Outubro de 2017 também deve entrar para o calendário das grandes transformações. O Mulherio das Letras, acontecido na Paraíba, trouxe para o debate as inquietações e as zonas de sombra do universo editorial. Sem aprofundar o debate estético (não era esse o objetivo), reverberou as diferenças e as potencialidades do universo feminino na literatura. O Mulherio teve uma característica fantástica. Mostrou um altíssimo poder de mobilização e trouxe para a cena, inclusive, a saudável certeza que nem tudo é ou deve ser consenso. Portanto, me refiro aos três momentos de forte impacto na história da literatura brasileira. Logicamente, sem a insensatez das comparações.

Dizem que a segunda edição deverá acontecer em Guarujá-SP. Espero que o triplex da Odebrecht seja cedido para abrigar algumas visitantes. Certamente outros lugares também haverão de querer um evento de tamanha magnitude. Muitas movimentações em torno da escrita feminina e feminista devem abrir espaços. No entanto, o Mulherio das Letras enquanto movimento das mulheres escritoras deste país, aconteceu aqui na Paraíba. No máximo, teremos eventos surgidos em consequência desse movimento. Tudo será consequência do que aconteceu por aqui.  Certamente que as coisas não deverão permanecer no mesmo lugar. O grito das mulheres ecoou e revelou também suas mazelas.

O fato é que o mercado editorial ficou de olho. O Brasil que escreve e que lê ficou de olho. Os homens que escrevem e leem ficaram de orelha em pé.  Foram dias de intensos debates e de absoluta autonomia na condução dos trabalhos. Foi, sem dúvidas, o maior movimento de mulheres escritoras da história deste país. A repercussão certamente atravessará fronteiras, pois num tempo não muito distante, as mulheres precisavam publicar seus livros com pseudônimos masculinos para a plena aceitação do mercado. Dificilmente se repetirá com a mesma intensidade.
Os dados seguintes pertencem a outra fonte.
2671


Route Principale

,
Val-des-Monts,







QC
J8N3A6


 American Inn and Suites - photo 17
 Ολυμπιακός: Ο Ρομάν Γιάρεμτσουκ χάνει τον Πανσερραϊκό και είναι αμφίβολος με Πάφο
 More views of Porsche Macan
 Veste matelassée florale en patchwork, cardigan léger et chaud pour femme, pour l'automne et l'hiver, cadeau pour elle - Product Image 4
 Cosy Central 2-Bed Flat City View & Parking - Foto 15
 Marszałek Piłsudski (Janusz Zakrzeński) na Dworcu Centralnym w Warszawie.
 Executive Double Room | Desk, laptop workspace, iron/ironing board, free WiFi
Dificilmente não terá fragmentações, mas certamente cumpriu o seu papel ao chamar a atenção para as inocências nada inocentes da literatura. O racismo, o machismo, a homofobia. Expressões da existência nada ficcional das esquinas, ainda domina a cena.

No momento em que o Brasil e o mundo atravessam um momento nebuloso, o contraponto da escuta e da ocupação dos espaços faz uma diferença enorme. Mesmo que em alguns momentos tudo se perca nas trações do imaginário ou das inquietações extraliterárias. A sensação que ficou é que o objetivo das organizadoras foi atingido. O do movimento Mulherio das Letras me pareceu bastante anárquico. Recusando um comando formal, apesar de tecer com clareza os fios condutores para que o debate se tornasse fluente como um rio. Todavia, duas escritoras saem da cena do Mulherio como protagonistas por diferentes motivos. São elas as escritoras Conceição Evaristo e Maria Valéria Rezende.

Agora é aguardar as movimentações que naturalmente deverão acontecer. A repercussão foi imensa. Quiçá, para além-fronteiras. Nada, certamente, voltará ao seu lugar. Os debates mais ou menos acirrados encontrarão seus espaços de expansão. A literatura escrita pelas mulheres haverá de trazer novos ventos. Ninguém escapará deste vendaval. Homens, mulheres, leitores, leitoras, escritores, escritoras, formadores, formadoras. As expectativas são muitas. Mas, não tenho dúvidas que o impacto maior será no mercado editorial. Como? Não sei ainda. A visibilidade de algumas mulheres puxará pelos pés a invisibilidade de muitos homens. O movimento Mulherio das Letras não foi excludente. Foi apenas mais um passo mais largo de uma longa caminhada. Um misto de generosidade, militância e utopia.